Habrían regresado a compartir su gozo con Herodes, pero un ángel les advirtió para que volvieran a su tierra sin pasar por Jerusalén (v. 12) y así lo hicieron. También un ángel advirtió a José de que se marchara a un lugar lejano. Como tantos antes y después, el exilio salvó la vida de José, de su esposa y del recién nacido (2: 13-15) cumpliéndose así la profecía de Oseas que indicaba cómo Dios llamaría a Su Hijo desde Egipto como había sucedido antaño con Israel (2: 13-15).
No pudo ser más oportuna la obediencia de los persas y de José porque Herodes decidió asesinar a todos los niños que pudieran ser ese mesías. Es más para no correr riesgos, decidió quitar la vida a todos los que tuvieran de dos años para abajo (2: 16). Como en otros momentos de la Historia, Raquel lloró por sus hijos, como escribió Jeremías, y, de manera bien reveladora, ese llanto no estuvo relacionado con la acción de los no-judíos sino con la de sus propios gobernantes, poco escrupulosos con la sangre de su pueblo para perpetuarse en el poder (2: 17-18).
Sin embargo, Dios cumple siempre Sus propósitos. Herodes, como tantos otros que se han opuesto a los propósitos de Dios, murió. Entonces José regresó a su tierra con el niño y su madre (2: 20).
Roma había dividido el reino de Herodes entre sus hijos porque no encontró ninguno que tuviera la talla suficiente para sucederlo al completo. Arquelao reinaba en Judea y José, avisado, decidió establecerse en Nazaret (2: 23), una circunstancia que permitía a Mateo realizar un juego de palabras entre el nazareno y el nazir o brote, uno de los apelativos del mesías.
Cuando se despoja a este capítulo del oropel de las prácticas navideñas –muchas veces poco relacionadas con los evangelios– las lecciones son bien notables. Dios se ha manifestado en la Historia de Israel. Le entregó lo más precioso, la Biblia que contiene profecías para identificar al mesías que salvaría al pueblo de sus pecados (1: 21).
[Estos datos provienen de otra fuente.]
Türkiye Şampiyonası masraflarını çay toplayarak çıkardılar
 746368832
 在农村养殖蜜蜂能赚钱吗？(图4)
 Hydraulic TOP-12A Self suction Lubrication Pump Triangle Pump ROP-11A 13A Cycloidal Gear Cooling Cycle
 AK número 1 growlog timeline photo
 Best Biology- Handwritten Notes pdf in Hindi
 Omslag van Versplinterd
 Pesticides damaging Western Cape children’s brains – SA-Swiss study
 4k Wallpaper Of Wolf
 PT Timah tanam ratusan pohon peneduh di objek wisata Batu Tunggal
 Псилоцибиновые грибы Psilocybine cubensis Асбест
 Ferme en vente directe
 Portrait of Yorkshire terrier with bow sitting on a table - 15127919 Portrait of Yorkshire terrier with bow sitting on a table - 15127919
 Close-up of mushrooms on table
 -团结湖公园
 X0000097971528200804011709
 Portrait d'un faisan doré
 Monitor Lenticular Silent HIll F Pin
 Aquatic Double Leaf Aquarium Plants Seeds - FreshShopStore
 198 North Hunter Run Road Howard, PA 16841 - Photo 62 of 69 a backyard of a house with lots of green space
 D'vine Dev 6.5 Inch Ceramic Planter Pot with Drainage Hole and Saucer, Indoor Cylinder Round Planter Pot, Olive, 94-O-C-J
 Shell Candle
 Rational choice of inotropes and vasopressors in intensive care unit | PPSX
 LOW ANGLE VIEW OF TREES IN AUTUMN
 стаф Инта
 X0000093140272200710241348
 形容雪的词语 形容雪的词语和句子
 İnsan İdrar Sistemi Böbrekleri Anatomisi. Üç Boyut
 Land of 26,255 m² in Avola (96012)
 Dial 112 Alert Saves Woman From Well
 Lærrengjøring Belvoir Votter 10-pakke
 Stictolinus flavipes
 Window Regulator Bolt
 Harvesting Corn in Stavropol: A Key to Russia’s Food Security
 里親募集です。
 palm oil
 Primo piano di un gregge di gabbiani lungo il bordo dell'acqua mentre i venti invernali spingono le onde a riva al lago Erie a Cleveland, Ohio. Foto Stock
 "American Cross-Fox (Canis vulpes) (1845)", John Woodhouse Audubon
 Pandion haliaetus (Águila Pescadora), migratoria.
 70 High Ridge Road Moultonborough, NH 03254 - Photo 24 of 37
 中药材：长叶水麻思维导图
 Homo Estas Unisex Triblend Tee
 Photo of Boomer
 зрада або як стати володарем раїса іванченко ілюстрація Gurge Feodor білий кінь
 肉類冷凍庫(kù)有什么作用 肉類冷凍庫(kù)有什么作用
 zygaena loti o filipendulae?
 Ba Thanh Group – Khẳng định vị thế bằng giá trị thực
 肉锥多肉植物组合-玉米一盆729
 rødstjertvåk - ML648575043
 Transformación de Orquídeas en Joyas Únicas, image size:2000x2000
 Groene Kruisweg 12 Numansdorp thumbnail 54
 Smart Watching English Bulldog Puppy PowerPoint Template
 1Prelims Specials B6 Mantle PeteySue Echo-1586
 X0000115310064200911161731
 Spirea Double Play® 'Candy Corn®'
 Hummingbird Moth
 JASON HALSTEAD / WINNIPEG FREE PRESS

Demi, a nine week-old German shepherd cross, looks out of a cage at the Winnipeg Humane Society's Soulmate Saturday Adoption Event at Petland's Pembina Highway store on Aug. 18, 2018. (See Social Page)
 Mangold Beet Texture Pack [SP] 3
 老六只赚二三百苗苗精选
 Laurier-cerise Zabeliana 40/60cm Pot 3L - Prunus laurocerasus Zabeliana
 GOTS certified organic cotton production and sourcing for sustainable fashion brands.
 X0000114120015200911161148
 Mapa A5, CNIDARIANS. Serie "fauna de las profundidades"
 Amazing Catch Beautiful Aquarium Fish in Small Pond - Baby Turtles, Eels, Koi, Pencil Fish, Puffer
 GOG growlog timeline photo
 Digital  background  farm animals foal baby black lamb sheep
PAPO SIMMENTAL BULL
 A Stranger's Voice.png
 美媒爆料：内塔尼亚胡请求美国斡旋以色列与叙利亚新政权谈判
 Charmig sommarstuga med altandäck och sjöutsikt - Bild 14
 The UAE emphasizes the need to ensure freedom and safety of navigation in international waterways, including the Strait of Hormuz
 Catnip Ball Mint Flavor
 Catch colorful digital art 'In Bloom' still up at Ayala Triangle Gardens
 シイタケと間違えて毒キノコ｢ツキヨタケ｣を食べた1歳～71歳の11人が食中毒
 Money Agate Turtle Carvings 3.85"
Pero esa circunstancia ni convierte en eternos parias a los no-judíos ni otorga a éstos una patente de corso para hacer lo que buenamente desean. No eran judíos aquellos personajes, seguramente con un conocimiento más que rudimentario de la Verdad, que llegaron hasta Belén en busca del rey de los judíos. Sí lo eran Herodes y la ciudad de Jerusalén, espantados por la posible llegada del mesías.
Si los judíos eran como José, el hombre íntegro y obediente -tan íntegro y obediente que recibió las mismas muestras de la bondad de Dios que los persas- podrían disfrutar de la salvación de Dios. Si, por el contrario, la rechazaban, no sólo la perderían sino que además se verían inmersos en un curso vital en el que el poder y el derramamiento de sangre caracterizarían más su existencia que la alegría de encontrarse con Dios y Sus acciones.
Partían con una enorme ventaja sobre aquellos que sólo podían contar con la razón y el ansia de verdad en medio de un mundo repleto de paganismo y supersticiones, pero esas ventajas podían ser dilapidadas si el escuchar la Palabra de Dios era sustituido por un autosatisfecho orgullo nacional. Lección impresionante que puede aplicarse a otros pueblos y a otras épocas.